Stored entries:
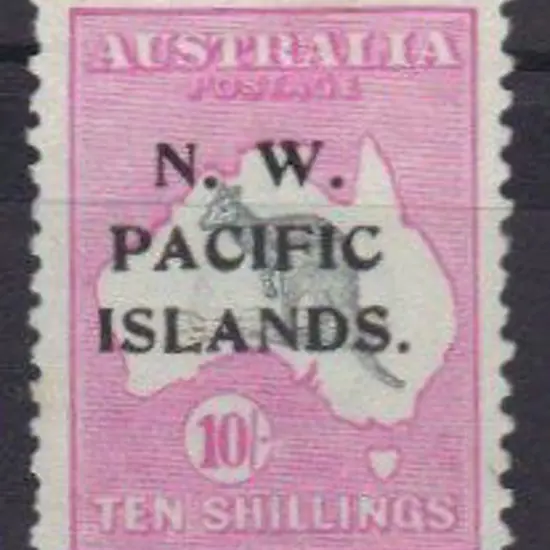N.W.P.I. 1918/23 10/- grey & bright pink with ...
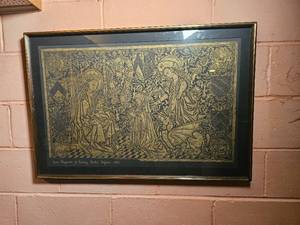 lot 73 image: Scornay Brass Rubbing Sister Marguerite de Scornay, Nivelles, Belgium  c 1462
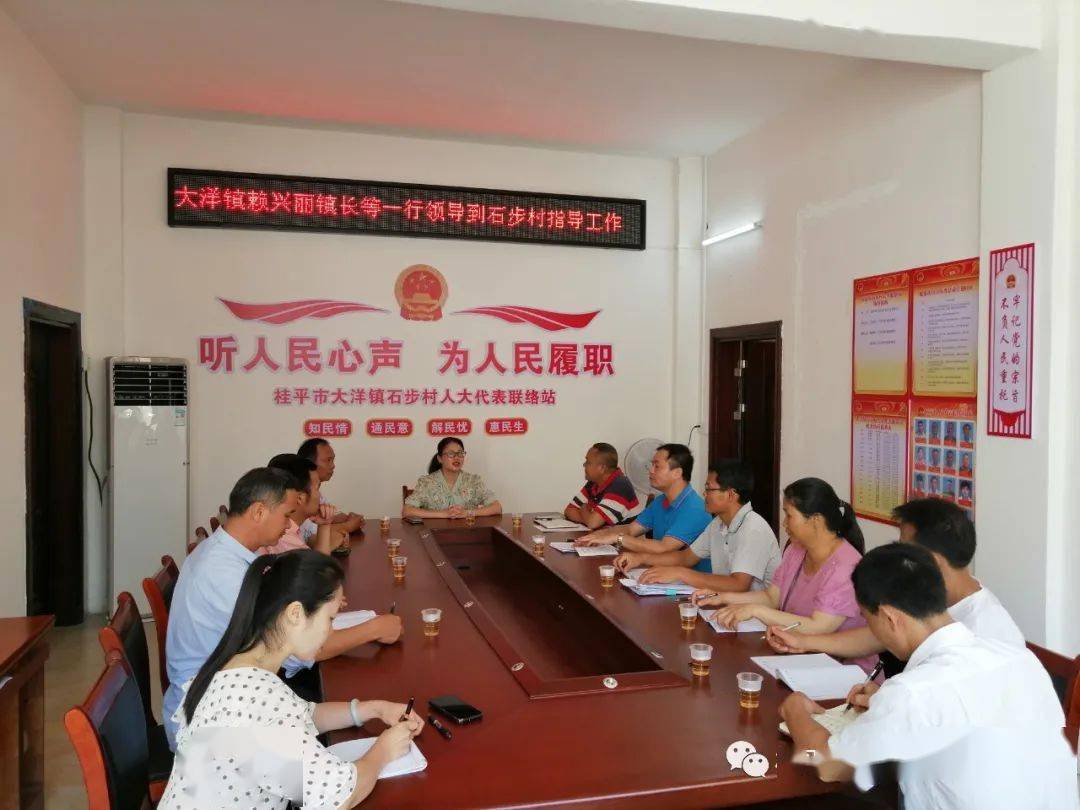 大洋镇主要领导到村调研,指导工作
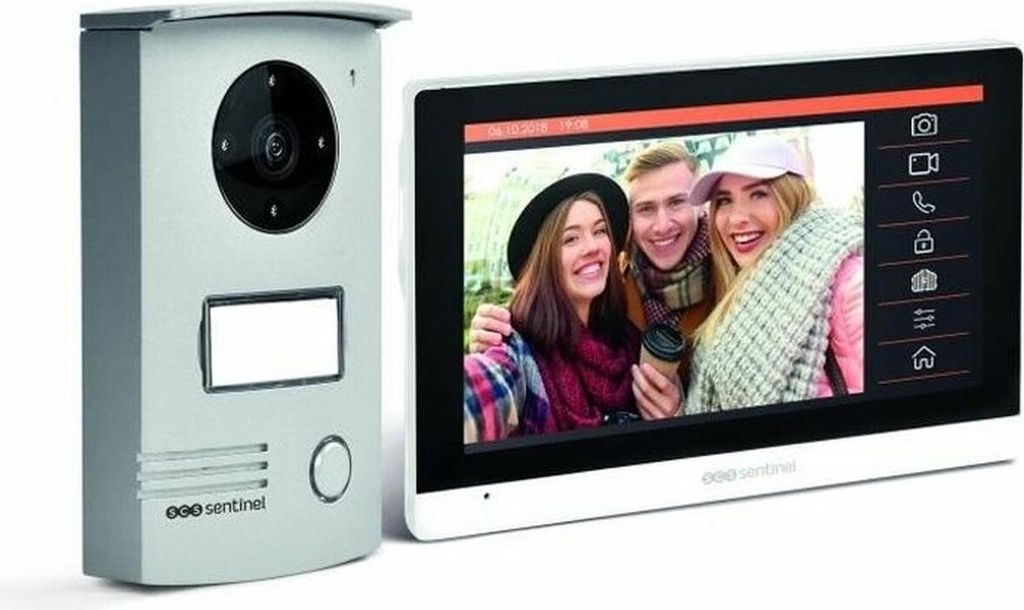 Smarter Video-Türöffner SCS SENTINEL VisioDoor 7+ 7" Weiß
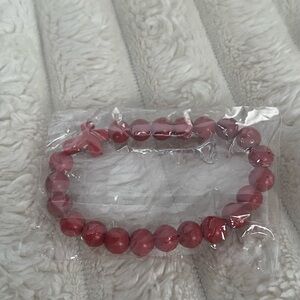 Wooden beads with cross bracelet new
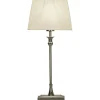 Pöytävalaisin ANETTE 55 cm, hopea/valkoinen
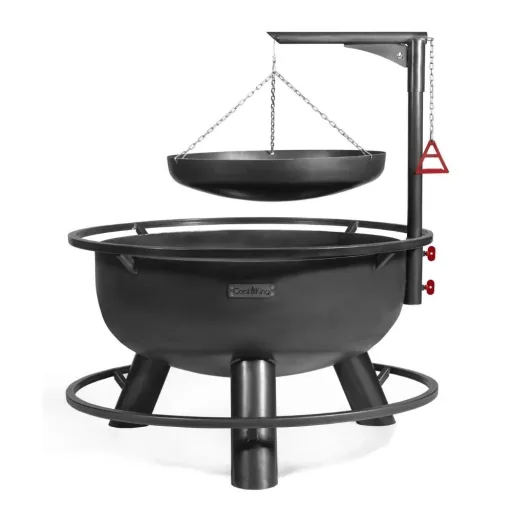 Fire Pit Wok and Kettle Holder, Steel Fire Pit Accessories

## The problem
Restate the data above word for word, omitting every picture.

## Solution for this task
N.W.P.I. 1918/23 10/- grey & bright pink with ...
 lot 73 image: Scornay Brass Rubbing Sister Marguerite de Scornay, Nivelles, Belgium  c 1462
 大洋镇主要领导到村调研,指导工作
 Smarter Video-Türöffner SCS SENTINEL VisioDoor 7+ 7" Weiß
 Wooden beads with cross bracelet new
 Pöytävalaisin ANETTE 55 cm, hopea/valkoinen
 Fire Pit Wok and Kettle Holder, Steel Fire Pit Accessories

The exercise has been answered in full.